While he agrees with the AG that the White Paper envisages that the UK’s adherence to the so-called “common rulebooks” will be achieved by international obligations rather than by internal direct effect under UK law, he disagrees with the AG’s view that these international obligations would be “standard” or “normal”. On the contrary, they are based on the harmonisation and disputes procedures in the Association Agreements between the EU and the former Soviet republics of Ukraine, Moldova and Georgia. These contain a complex “joint reference” procedure under which the UK would be bound by ECJ decisions about UK law even though the formal ruling on a dispute would be given by an arbitral panel. He disagrees with the AG’s contention that this system “respects the principle that the court of one party cannot decide disputes between the two.” This coupled with an unbalanced obligation on UK courts to “pay due regard” to ECJ case law (with no obligation in the other direction) would make ECJ rulings in practice binding in the UK courts.

Lawyers for Britain are currently working on a fuller briefing paper on the court jurisdiction proposals in the White Paper, and are intending to  publish a series of further briefing on different aspects of these proposals as soon as thes are available.

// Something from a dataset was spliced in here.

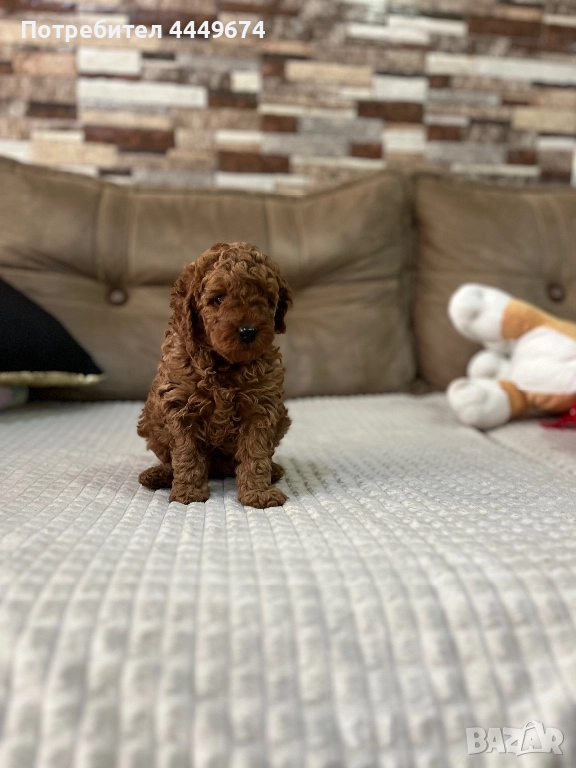 Мини пудел, снимка 1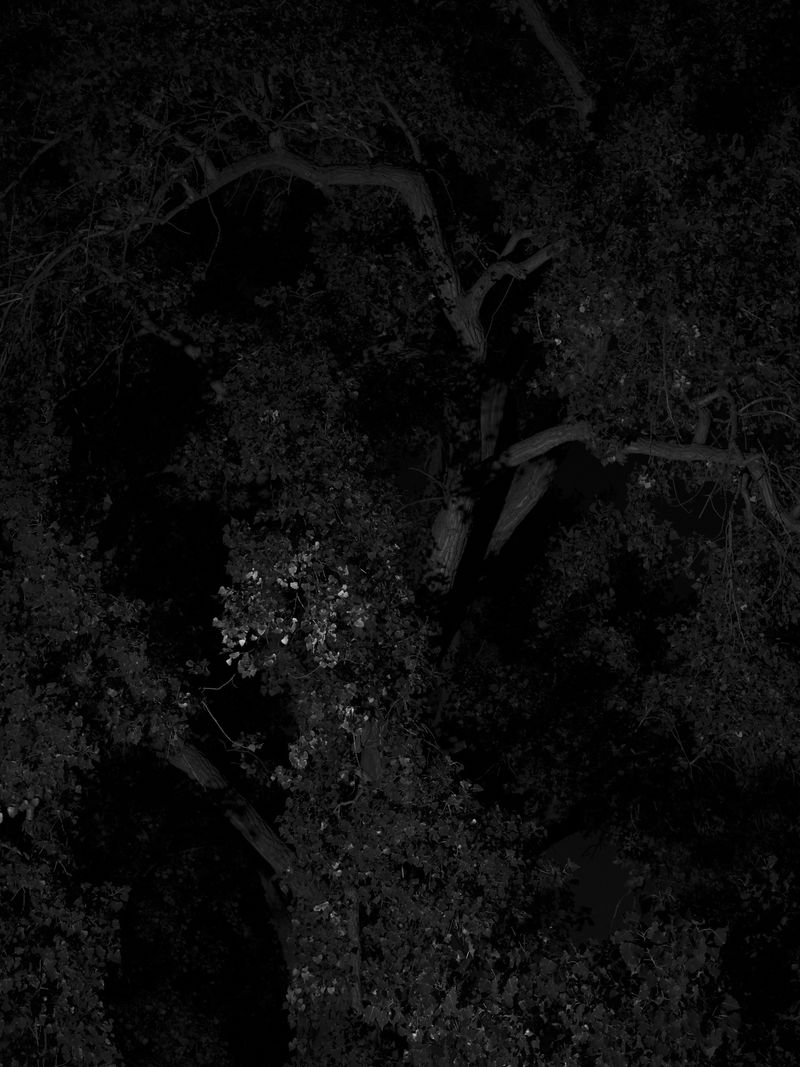 © Tanya Shah - Image from the glimmer photography project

The Chequers Cabinet conclusions – an assessment

Lawyers for Britain Chairman Martin Howe QC has prepared a Chequers Briefing Memo which assesses the details of the Chequers Statement from HM Government . Although the statement is brief and lacks much of the detail which is expected to be in the government’s White Paper to be published next week, some of his key conclusions are:-

  1. The Chequers proposals would involve the permanent continuation in the UK of all EU laws which relate to goods, their composition, their packaging, how they are tested etc etc in order to enable goods to cross the UK/EU border without controls. All goods manufactured in the UK for the UK domestic market, or imported from non-EU countries, would be permanently subject to these laws.
  2. There would be a general obligation to alter these laws in future whenever the EU alters its own laws, with a mechanism for Parliament to block such changes which is probably theoretical rather than practical.
  3. This would put the EU in a position to fashion its rules relating to goods so as to further the interests of continental producers against UK competitors, when we will have no right to vote on those rules.
  4. The obligation to follow the EU rulebook for goods would gravely impair our ability to conduct an independent trade policy. In particular, it will prevent us from including Mutual Recognition Agreements for goods in trade treaties and this is likely to destroy the prospect of successfully achieving meaningful agreements with some of the prime candidates such as the USA and Australia.
  5. The ECJ jurisdiction proposals would put us in the same position as Moldova, an applicant/supplicant state which is willing to accept binding ECJ rulings on the conformity of its laws with EU law as part of the preparations for its accession. Quite why this is thought to be a suitable model for a country which has left the EU and is the 5th largest economy in the world is unclear. The supremacy of the UK courts over laws in the UK would not be restored, contrary to the claim made in para 6(g) of the Chequers statement.
  6. The new “Facilitated Customs Arrangement” seeks to solve one of the problems of the NCP (collection of EU level tariffs with rebate system on goods destined for the UK market) by imposing on UK-destined goods the administrative burdens of a tracking system. This would (1) increase the likelihood of this system being found in breach of the national treatment principle in GATT Art.III, and (2) apparently extend yet further the timescale for implementation of this Heath Robinson system, locking the UK in the mean time into the EU’s common external tariff, preventing the electorate from benefiting from Brexit in time for the next General Election.
  7. However, there is no indication at least from what has been made public that the FCA has solved or alleviated any of the other problems of the NCP proposal. It is not clear how the problem of rules of origin controls on UK manufactured goods imported into the EU will be addressed in the absence of customs controls on the UK/EU border, or how this issue can be solved in compliance with WTO rules.
  8. These proposals will not be accepted by the EU since in their perception they amount to unacceptable “cherry picking” of the “benefits” of the single market. However the EU is unlikely to reject the UK’s position outright, but will instead keep the UK inside a “lobster pot” where it negotiates rather than prepaing for no-deal. When the negotiation time runs down, the EU will then demand huge last minute concessions in return for not taking away the transition period.
  9. These proposals therefore lead directly to a worst-of-all-worlds “Black Hole” Brexit where the UK is stuck permanently as a vassal state in the EU’s legal and regulatory tar-pit, still has to obey EU laws and ECJ rulings across vast areas, cannot develop an effective international trade policy or adapt our economy to take advantage of the freedoms of Brexit, and has lost its vote and treaty veto rights as an EU Member State.